Problem to solve => Which lines run from the one containing "Foggy night in" to the end of the entries below? Retype exactly those, both ends included.

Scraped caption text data

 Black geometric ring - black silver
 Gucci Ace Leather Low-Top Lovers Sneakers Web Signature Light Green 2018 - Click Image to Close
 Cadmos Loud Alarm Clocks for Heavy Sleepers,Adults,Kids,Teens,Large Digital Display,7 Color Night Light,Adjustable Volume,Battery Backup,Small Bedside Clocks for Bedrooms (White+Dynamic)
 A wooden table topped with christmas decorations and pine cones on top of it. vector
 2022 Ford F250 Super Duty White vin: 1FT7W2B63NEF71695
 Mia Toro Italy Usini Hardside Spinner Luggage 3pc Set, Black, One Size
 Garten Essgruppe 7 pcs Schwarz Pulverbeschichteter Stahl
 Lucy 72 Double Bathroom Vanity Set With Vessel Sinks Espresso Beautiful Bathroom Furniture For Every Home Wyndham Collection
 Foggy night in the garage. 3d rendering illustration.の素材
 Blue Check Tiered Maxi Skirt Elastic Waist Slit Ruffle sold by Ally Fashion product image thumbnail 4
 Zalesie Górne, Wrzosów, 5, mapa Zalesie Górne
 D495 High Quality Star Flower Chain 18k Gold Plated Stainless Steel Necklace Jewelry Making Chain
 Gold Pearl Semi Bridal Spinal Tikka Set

Output below =>
 Foggy night in the garage. 3d rendering illustration.の素材
 Blue Check Tiered Maxi Skirt Elastic Waist Slit Ruffle sold by Ally Fashion product image thumbnail 4
 Zalesie Górne, Wrzosów, 5, mapa Zalesie Górne
 D495 High Quality Star Flower Chain 18k Gold Plated Stainless Steel Necklace Jewelry Making Chain
 Gold Pearl Semi Bridal Spinal Tikka Set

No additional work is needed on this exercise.